** Information provided follows **

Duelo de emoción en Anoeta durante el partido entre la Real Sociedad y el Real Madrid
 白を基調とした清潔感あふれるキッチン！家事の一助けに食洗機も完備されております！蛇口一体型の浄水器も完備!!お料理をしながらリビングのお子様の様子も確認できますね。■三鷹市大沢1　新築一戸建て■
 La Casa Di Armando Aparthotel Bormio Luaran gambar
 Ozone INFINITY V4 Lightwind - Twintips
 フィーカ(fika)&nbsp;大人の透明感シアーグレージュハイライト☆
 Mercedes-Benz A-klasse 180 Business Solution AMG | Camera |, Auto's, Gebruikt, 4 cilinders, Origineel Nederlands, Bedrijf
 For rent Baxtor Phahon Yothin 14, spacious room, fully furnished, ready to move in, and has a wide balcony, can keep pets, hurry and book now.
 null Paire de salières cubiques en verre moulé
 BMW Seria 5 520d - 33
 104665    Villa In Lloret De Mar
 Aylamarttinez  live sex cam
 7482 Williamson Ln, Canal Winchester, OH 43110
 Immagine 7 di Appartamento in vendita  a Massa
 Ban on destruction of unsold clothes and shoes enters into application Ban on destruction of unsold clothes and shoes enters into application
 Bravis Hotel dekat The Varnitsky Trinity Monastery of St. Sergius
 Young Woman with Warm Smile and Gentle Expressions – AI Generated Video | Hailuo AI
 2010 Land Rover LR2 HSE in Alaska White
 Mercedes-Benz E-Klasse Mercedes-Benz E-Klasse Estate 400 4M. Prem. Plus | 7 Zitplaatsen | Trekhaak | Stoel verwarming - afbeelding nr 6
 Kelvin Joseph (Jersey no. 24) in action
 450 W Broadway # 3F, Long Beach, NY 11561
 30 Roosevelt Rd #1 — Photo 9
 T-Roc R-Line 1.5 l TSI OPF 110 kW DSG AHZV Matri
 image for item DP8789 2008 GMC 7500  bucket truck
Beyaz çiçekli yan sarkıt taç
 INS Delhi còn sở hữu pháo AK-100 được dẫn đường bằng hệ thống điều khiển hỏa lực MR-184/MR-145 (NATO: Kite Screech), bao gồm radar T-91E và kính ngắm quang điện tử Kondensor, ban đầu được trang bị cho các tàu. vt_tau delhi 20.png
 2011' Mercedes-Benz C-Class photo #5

** End of Information provided **

Please copy, word for word, every line from the first line of the records through the line containing "フィーカ(fika)&nbsp;大人の透明感シアーグレージュハイライト☆", with both of those lines included and nothing else.

- [Written response]
Duelo de emoción en Anoeta durante el partido entre la Real Sociedad y el Real Madrid
 白を基調とした清潔感あふれるキッチン！家事の一助けに食洗機も完備されております！蛇口一体型の浄水器も完備!!お料理をしながらリビングのお子様の様子も確認できますね。■三鷹市大沢1　新築一戸建て■
 La Casa Di Armando Aparthotel Bormio Luaran gambar
 Ozone INFINITY V4 Lightwind - Twintips
 フィーカ(fika)&nbsp;大人の透明感シアーグレージュハイライト☆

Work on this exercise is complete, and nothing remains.